■ ASSIGNMENT
Could you restate the data word for word and drop the pictures?

■ SOURCE DATA
________
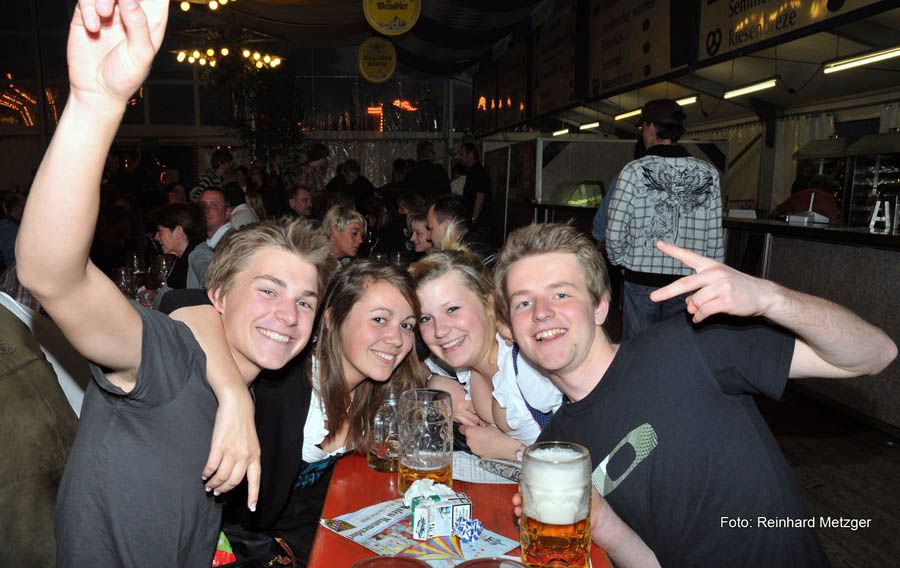 2010-05-12_013_Volksfestabend_mit_Swingers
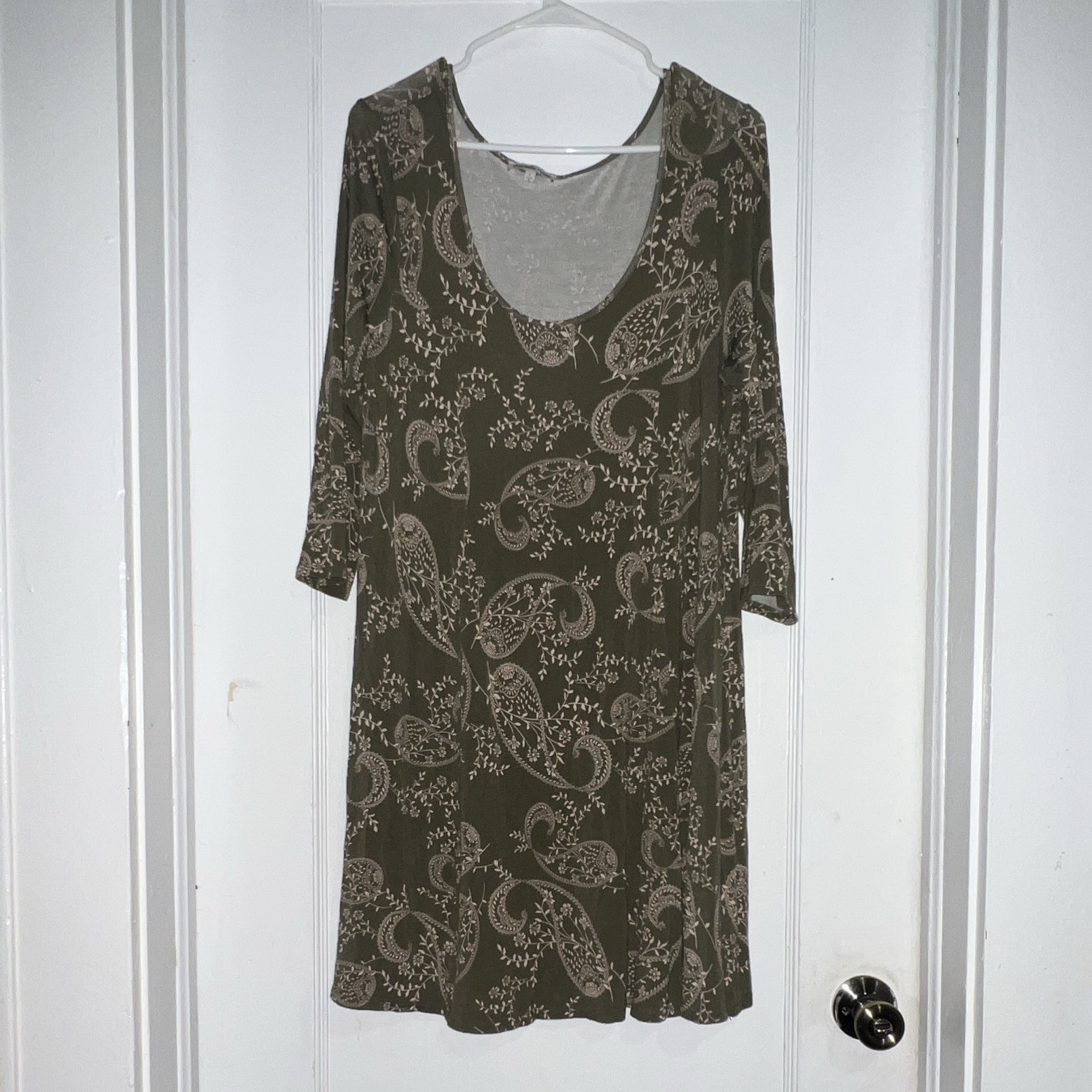 Charlotte Russe Green/Beige Paisley Scoop Neck 3/4 Sleeve Shift Dress Womens L
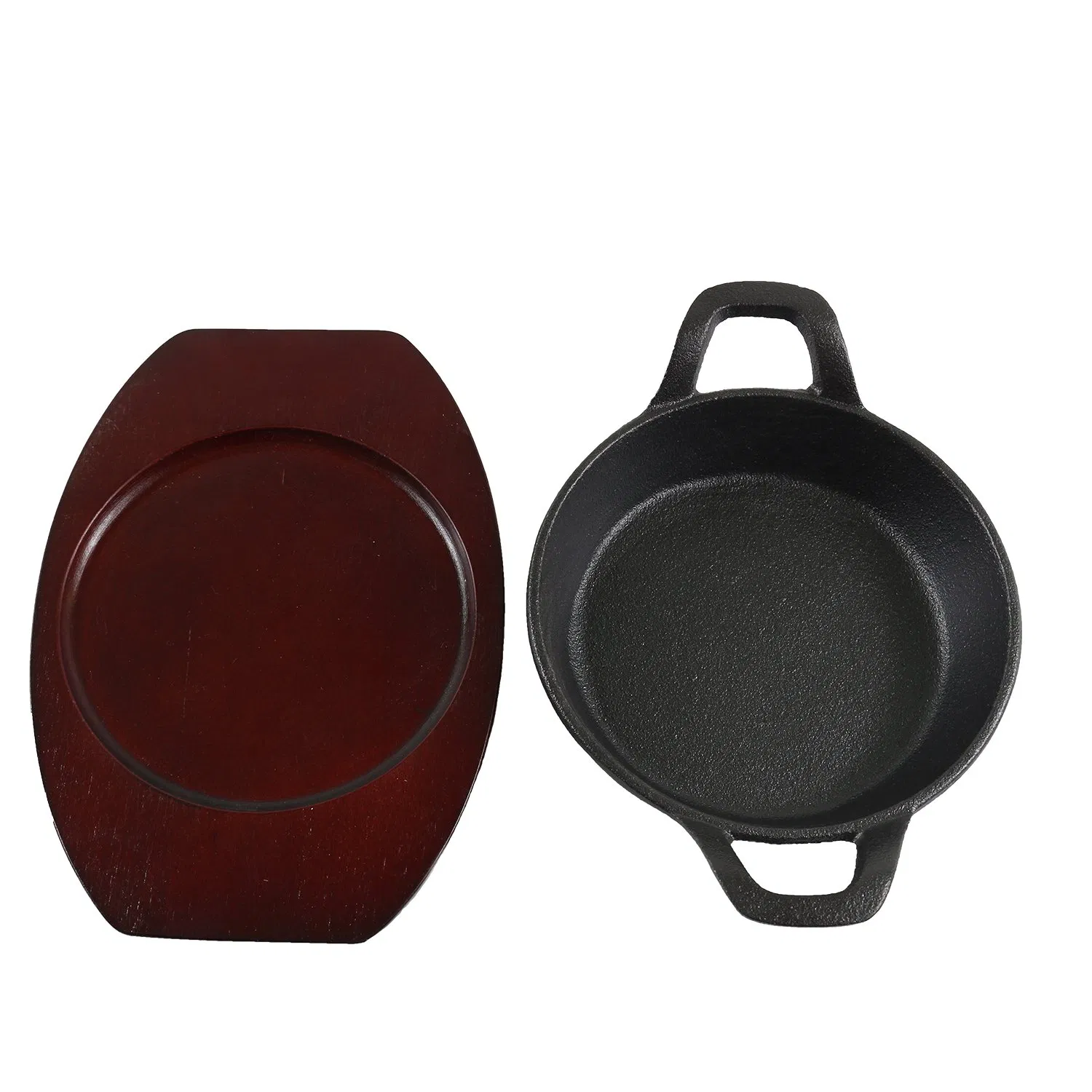 Чугунная сковорода с деревянной подставкой, предварительно прокаленная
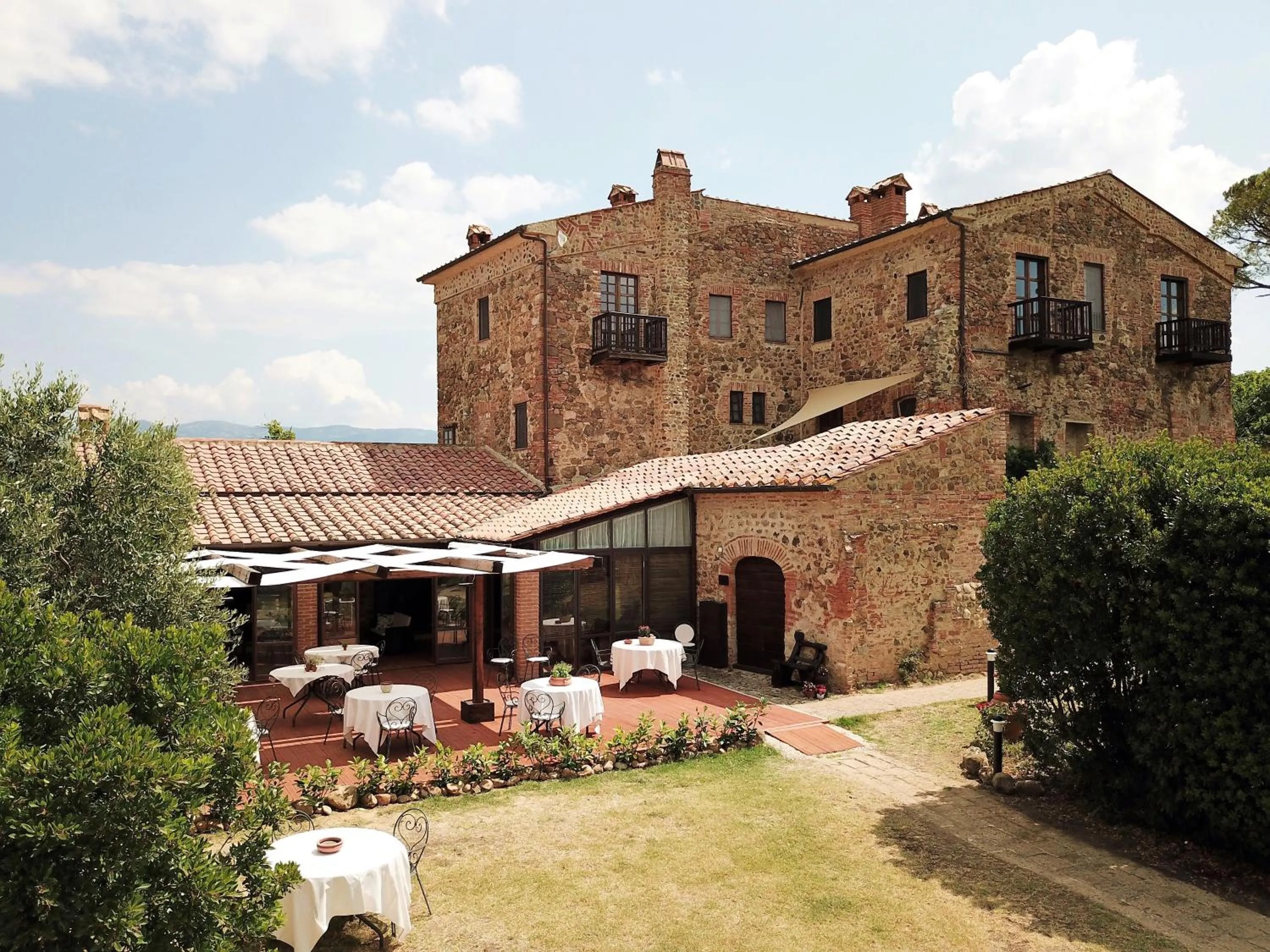 Property building in Tenuta Fattoria Vecchia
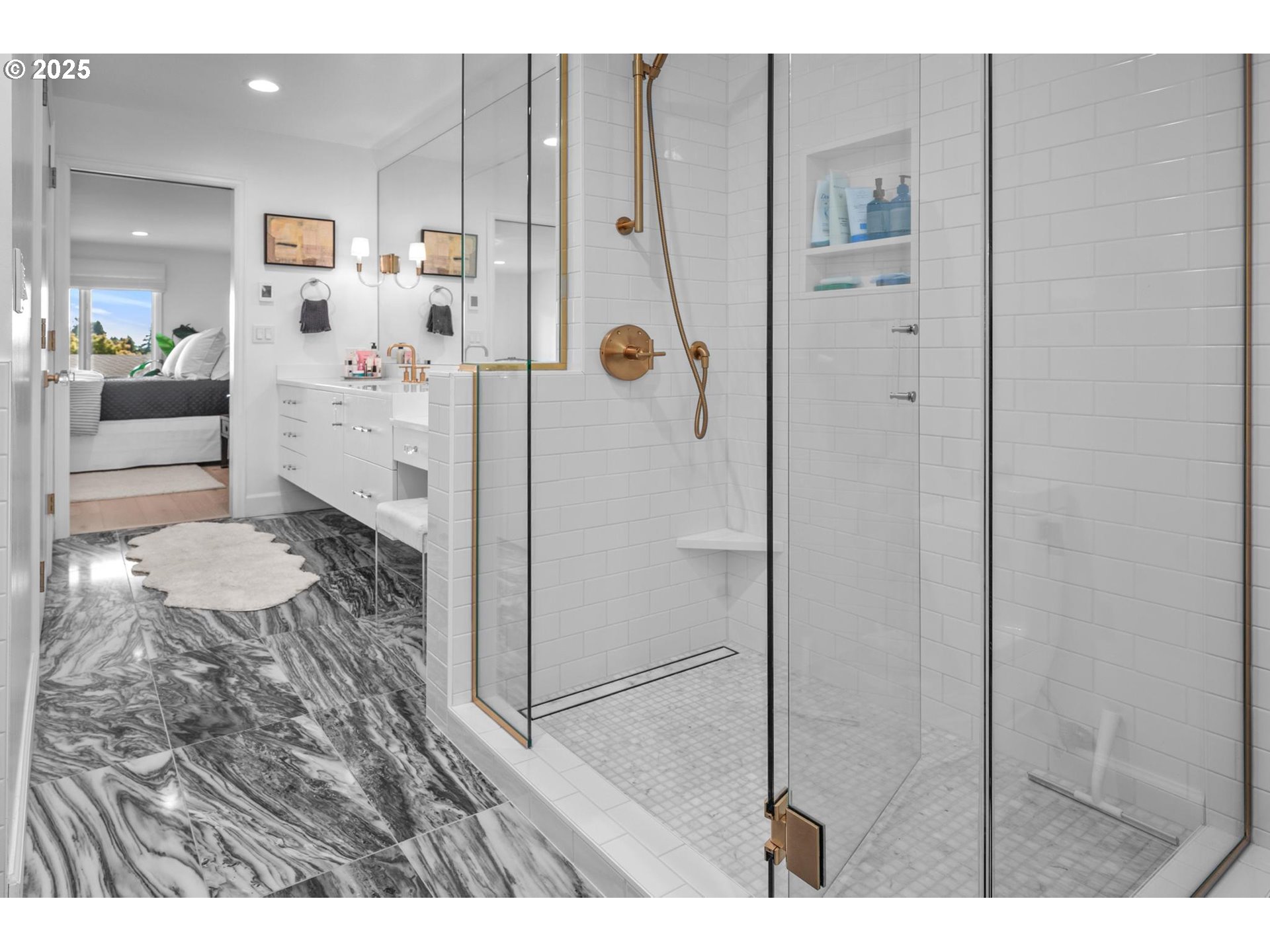 40 CONDOLEA CT, Lake Oswego, OR, 97035 40 CONDOLEA CT, Lake Oswego, OR, 97035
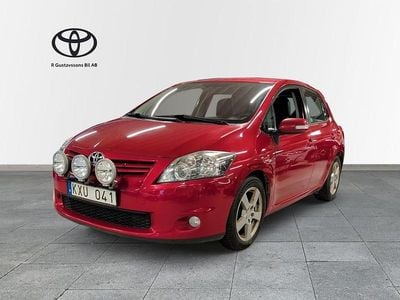 Röd Begagnad 2010 Toyota Auris Premium Halvkombi | 74 900 kr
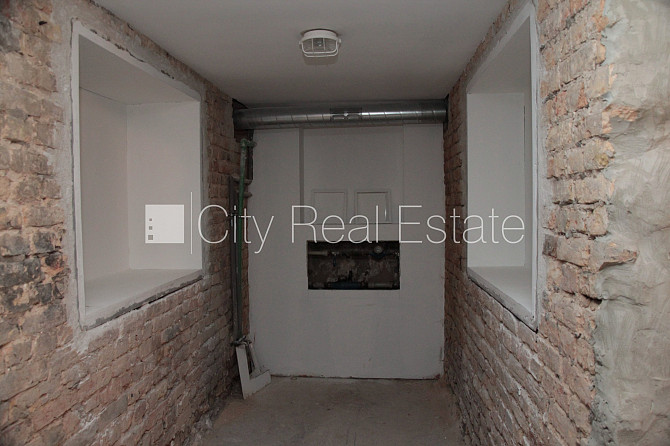 Par īres/nomas un līguma nosacījumiem var vienoties individuāli, fasādes māja, slēgts Rīga - foto 5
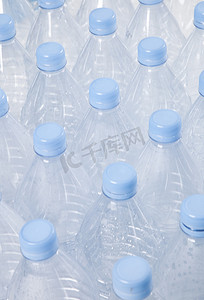带蓝色盖子的空塑料瓶的特写视图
________
■ RESULT BELOW
 2010-05-12_013_Volksfestabend_mit_Swingers
 Charlotte Russe Green/Beige Paisley Scoop Neck 3/4 Sleeve Shift Dress Womens L
 Чугунная сковорода с деревянной подставкой, предварительно прокаленная
 Property building in Tenuta Fattoria Vecchia
 40 CONDOLEA CT, Lake Oswego, OR, 97035 40 CONDOLEA CT, Lake Oswego, OR, 97035
 Röd Begagnad 2010 Toyota Auris Premium Halvkombi | 74 900 kr
 Par īres/nomas un līguma nosacījumiem var vienoties individuāli, fasādes māja, slēgts Rīga - foto 5
带蓝色盖子的空塑料瓶的特写视图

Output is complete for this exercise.